Work required:
All lines from the one with "Magical Circles Tote" through the close of the records below are to be set down exactly, and no others.

Given entries:
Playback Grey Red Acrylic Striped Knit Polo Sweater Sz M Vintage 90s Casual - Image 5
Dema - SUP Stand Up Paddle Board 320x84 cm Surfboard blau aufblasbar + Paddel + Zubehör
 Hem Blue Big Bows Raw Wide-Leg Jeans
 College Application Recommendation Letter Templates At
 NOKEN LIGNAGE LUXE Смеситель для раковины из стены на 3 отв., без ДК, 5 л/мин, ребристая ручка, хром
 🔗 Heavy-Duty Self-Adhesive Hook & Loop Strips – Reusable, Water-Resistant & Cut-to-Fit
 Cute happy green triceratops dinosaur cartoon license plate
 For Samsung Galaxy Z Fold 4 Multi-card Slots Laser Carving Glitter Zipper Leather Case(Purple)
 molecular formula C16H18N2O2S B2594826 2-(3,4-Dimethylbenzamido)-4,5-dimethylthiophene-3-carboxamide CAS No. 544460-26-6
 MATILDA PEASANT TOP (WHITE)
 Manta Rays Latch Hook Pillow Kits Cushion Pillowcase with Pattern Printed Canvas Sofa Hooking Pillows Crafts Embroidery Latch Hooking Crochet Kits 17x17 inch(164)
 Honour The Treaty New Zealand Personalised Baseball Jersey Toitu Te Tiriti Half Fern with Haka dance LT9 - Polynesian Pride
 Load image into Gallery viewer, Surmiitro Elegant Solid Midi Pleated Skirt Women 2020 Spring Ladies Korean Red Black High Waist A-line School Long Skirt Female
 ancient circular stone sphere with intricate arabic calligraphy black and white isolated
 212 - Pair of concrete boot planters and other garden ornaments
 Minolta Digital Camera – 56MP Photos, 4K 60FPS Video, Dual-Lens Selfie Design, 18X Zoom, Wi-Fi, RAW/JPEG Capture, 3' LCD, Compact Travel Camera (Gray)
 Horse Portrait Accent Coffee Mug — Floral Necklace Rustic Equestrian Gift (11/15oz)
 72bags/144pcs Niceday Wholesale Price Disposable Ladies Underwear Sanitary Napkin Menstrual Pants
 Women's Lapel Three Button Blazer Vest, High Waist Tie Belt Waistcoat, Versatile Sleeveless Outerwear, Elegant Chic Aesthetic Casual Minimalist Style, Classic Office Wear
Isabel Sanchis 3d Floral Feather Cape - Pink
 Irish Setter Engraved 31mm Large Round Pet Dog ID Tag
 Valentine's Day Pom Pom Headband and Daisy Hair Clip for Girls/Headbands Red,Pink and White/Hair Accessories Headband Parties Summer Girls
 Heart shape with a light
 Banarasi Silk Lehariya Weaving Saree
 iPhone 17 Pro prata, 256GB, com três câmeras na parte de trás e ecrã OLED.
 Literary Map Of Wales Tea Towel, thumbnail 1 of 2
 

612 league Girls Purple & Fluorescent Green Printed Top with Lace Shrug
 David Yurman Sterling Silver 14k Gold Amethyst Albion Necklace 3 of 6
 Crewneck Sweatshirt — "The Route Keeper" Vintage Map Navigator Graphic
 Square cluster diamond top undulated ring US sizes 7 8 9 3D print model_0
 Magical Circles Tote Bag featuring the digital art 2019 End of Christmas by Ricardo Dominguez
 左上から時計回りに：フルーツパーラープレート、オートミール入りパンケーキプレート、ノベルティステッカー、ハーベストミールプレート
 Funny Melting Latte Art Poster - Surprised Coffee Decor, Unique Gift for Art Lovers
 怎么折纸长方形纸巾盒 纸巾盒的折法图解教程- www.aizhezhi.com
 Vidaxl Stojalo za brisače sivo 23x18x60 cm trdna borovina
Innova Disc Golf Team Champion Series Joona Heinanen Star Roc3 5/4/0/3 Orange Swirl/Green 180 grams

Response area:
 Magical Circles Tote Bag featuring the digital art 2019 End of Christmas by Ricardo Dominguez
 左上から時計回りに：フルーツパーラープレート、オートミール入りパンケーキプレート、ノベルティステッカー、ハーベストミールプレート
 Funny Melting Latte Art Poster - Surprised Coffee Decor, Unique Gift for Art Lovers
 怎么折纸长方形纸巾盒 纸巾盒的折法图解教程- www.aizhezhi.com
 Vidaxl Stojalo za brisače sivo 23x18x60 cm trdna borovina
Innova Disc Golf Team Champion Series Joona Heinanen Star Roc3 5/4/0/3 Orange Swirl/Green 180 grams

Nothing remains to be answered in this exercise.